Scuff protection is generally provided by some type of metal additive. Different manufacturers use different formulas. Antimony, tin, zinc, waxes or even a bean oil blend. You mix oils and you dilute the additive. 1% antinony or 1% zinc may work fine, but 0.5% of both may not protect. As well, the combination of wrong additives seem to create conductive deposits on the plug. This is probably because the additive is combined with specific detergents to fight plug deposits. A lot of chemical engineering went into that oil, why mess it up?

Less oil = need better oil. I use 40:1 and good grade oil. 32:1 is a good safe ratio to work with if you are pre-mixing.
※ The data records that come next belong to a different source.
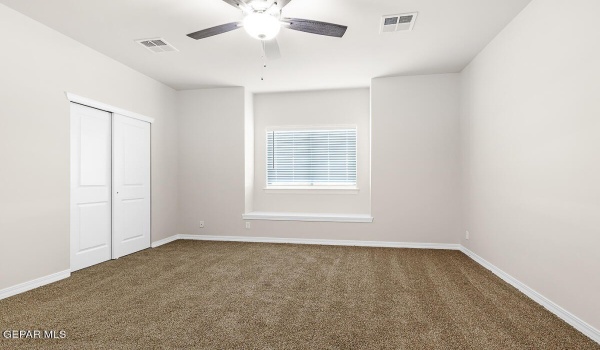 890 HARPENDEM Drive, El Paso, TX 79928, 3 Habitaciones Habitaciones , ,2 BañosBaños,Residential,En Venta,890 HARPENDEM Drive,917000
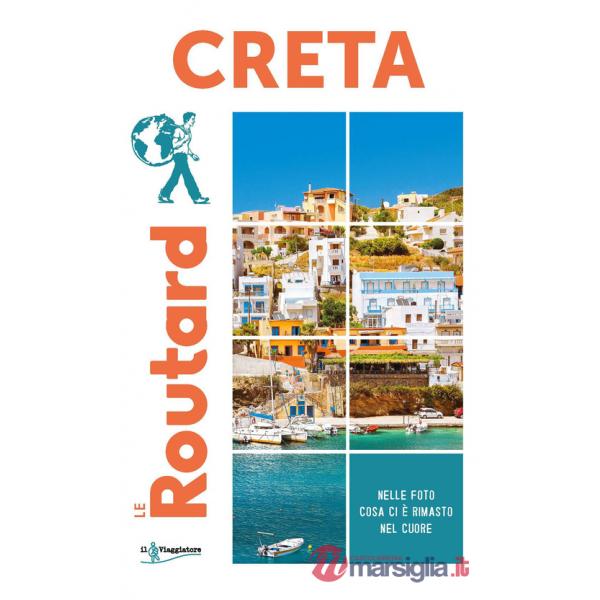 Creta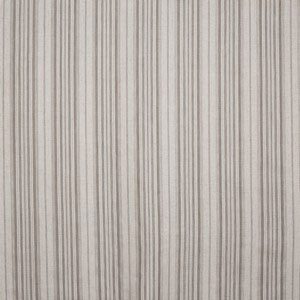 Maltese Limestone Fabric Prestigious Textiles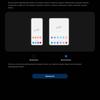 Огляд Samsung Galaxy Z Fold3: смартфон для тих, у кого все є-232
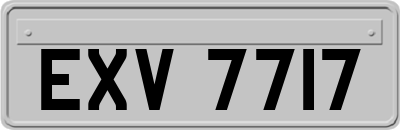 EXV7717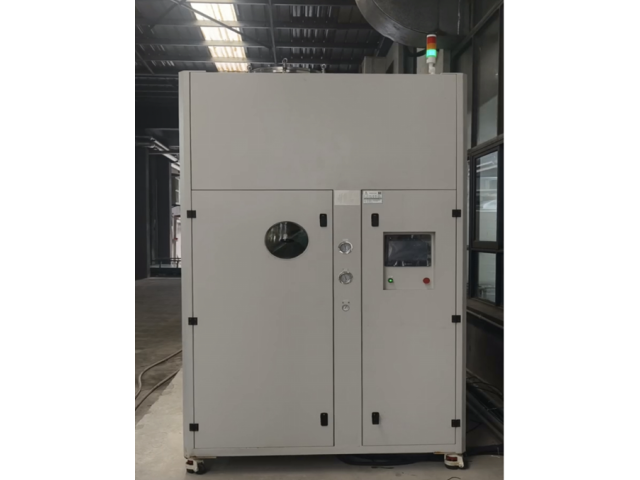 湖北組合式蒸發(fā)設(shè)備有什么優(yōu)勢(shì) 浙江藍(lán)沃環(huán)保設(shè)備股份供應(yīng)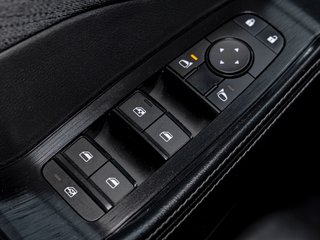 Nissan Rogue  2023 à St-Jérôme, Québec - 26 - w320h240px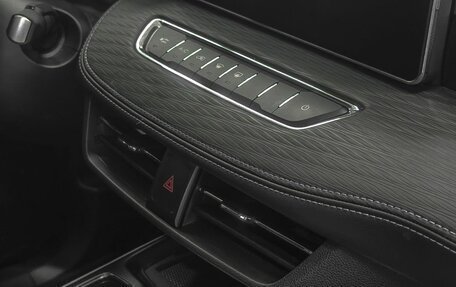 Haval Jolion, 2024 год, 1 879 900 рублей, 13 фотография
If you have ditched your oil injection pump "because you want the best for your engine" WHY ARE YOU BUYING CHEAP OIL? Good pre-mix oil is generally available at all bike shops and runs from $12-$22 per quart or litre in my area. PAY IT! A quick note on quality pre-mix: it is thicker than cheaper oils and injection oil.

Still running the injector? It is a good system, but still buy a good INJECTOR oil. About $8-$15 a quart or litre in my area. It is a thinner viscosity oil than quality pre-mix (which would likely eventually ruin your engine if used in the injection system)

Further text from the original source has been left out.